“Well, I’m actually a really big fan of cheerleading (that’s a subject?), would you like to hear a cheer?” I didn’t exactly have a choice, because she proceeded to “cheer” the lyrics to her single. “Isn’t that your song?” I asked. “It sure is! Yay!”
Every writer has the proverbial “side hustle.” You know, the random job that pays more than actually writing, but when you explain what you do, you close it with, “…but actually I’m a writer.” I’ve had many a side hustle throughout my tenure in music writing (you’ll learn about every single one of them soon enough). My first one though was as a Paralegal. It was the wild card I loved throwing out into random writing situations like I was Jay-Z in “99 Problems” telling the police officer why he can’t check his trunk without a search warrant (Well, I ain’t passed the Bar, but I know a lil’ bit. Enough you won’t illegally search my shit). It’s excellent dinner party conversation fodder, and sometimes more…
The female singer/male producer relationship had everyone so testy after one of their own was caught with underage girls. It made everyone so incredibly neurotic about the moves their teenage female singers would make, yet no one had a problem still sticking these girls with 40 year old producers to help them write songs about getting their asses slapped. I had the unusual honor of interviewing one of these girls. She was still in high school about to release her first album. Her single was all over the radio. When we first started the interview, she wouldn’t stop giggling. I asked her if she was okay. “Of course! I just love doing these types of things.” Awww…I guess.

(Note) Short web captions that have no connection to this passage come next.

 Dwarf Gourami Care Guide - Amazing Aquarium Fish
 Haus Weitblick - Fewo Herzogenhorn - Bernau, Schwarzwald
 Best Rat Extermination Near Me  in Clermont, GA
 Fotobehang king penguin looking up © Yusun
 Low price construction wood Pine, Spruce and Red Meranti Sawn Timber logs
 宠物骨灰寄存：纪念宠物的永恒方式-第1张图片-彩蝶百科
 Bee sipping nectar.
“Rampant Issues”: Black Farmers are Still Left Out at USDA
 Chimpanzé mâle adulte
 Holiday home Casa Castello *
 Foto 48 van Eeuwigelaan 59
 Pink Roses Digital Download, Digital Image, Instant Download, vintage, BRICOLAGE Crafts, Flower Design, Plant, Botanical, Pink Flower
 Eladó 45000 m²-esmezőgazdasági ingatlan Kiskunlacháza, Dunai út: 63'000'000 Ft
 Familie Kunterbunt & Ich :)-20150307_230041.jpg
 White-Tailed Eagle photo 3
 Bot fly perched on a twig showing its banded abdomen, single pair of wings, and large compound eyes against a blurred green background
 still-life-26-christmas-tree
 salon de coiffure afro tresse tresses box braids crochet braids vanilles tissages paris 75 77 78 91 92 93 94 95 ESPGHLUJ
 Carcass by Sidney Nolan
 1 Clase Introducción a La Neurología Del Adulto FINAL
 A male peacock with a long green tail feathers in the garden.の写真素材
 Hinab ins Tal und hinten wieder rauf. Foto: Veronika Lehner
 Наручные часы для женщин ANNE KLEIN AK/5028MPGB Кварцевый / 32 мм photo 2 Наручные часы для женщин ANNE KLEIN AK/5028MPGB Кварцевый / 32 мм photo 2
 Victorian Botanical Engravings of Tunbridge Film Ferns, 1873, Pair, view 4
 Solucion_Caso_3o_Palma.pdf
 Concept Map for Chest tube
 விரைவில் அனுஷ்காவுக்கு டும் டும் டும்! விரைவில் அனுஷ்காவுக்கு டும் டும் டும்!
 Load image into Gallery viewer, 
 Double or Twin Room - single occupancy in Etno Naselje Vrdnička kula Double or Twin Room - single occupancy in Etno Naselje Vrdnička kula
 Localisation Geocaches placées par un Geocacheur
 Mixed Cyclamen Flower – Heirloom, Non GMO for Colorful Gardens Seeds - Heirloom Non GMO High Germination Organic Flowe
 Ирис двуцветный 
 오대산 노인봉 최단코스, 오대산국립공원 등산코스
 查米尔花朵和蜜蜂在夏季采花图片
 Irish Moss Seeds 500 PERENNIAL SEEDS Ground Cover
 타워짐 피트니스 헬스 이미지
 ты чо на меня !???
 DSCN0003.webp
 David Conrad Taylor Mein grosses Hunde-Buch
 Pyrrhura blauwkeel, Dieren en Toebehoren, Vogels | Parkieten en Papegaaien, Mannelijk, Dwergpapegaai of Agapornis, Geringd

The first question I asked her was, “How does it feel to have a hit single on the radio.” She replied, “It feels great! Yay!” I continued, “Do your friends at school treat you differently?” Her response, “They sure do! Yay!” This conversation was going nowhere fast. Trying to get her to talk about something, I asked what her favorite subject in school was. “Well, I’m actually a really big fan of cheerleading (that’s a subject?), would you like to hear a cheer?” I didn’t exactly have a choice, because she proceeded to “cheer” the lyrics to her single. “Isn’t that your song?” I asked. “It sure is! Yay!”
We continued on like this for a cool 25 minutes until we got into a discussion on the music. I asked about a particularly graphic song I heard on the advance of the album. “Oh that one? I wrote that when I was 14 with my producer.” Wait, what? I was surprised Chris Hansen didn’t show up while her producer was shaking a fucking margarita in that studio session, but I let it slide. When I wrote the piece, I referenced the oddness of that little love equation.
Months pass, and the magazine hit the stands. Then one random day my phone rings. It’s the artist’s manager. “I read your little article, (1,500 words is NOT little, asshole) and you accused my artist of sleeping with her producer. Who do you think you are?” Then he hung up on me. Five minutes later, my editor called me: “We have a little problem.”
So two things had to go down: One, the lyrics of the song had to be presented to prove it was creepy as fuck that a 14 year old was singing about sex with her 45 year old producer. Two, the transcript of the interview had to be presented. I included every “yay” in that conversation to drive this point home. The publisher of the magazine called me and asked if she really “yay’ed” that many times. No one has ever yay’ed as much as she did in the entire history of yay’ing. I was eventually told I was in the clear because the song was fucking disgusting. I knew it.
A week passes and the manager calls me again. “I’m suing you.” Oh good. “For what?” I asked. “Slander,” he replied. “You mean libel,” I responded. “What the fuck does the Bible have to do with this?” “No, I said libel. If you’re going to attempt a lawsuit, get your terminology right, and while you’re at it, train your seal. She says ‘yay’ too much.” We exchanged about an hour of these pleasantries, and he ended the call telling me to wait for the lawsuit where he’s suing me for Bible. Eight years later and I’m still waiting. That song never made it to the release of the album, by the way.
I ran into the artist about four years after that interview. Her career hadn’t gone incredibly far, but at least she graduated high school. “Don’t I know you?” she said. “Um, yeah, I interviewed you many years ago.”
She had no idea who I was.
“Oh, yes! I remember you! That was a great day. Yay!”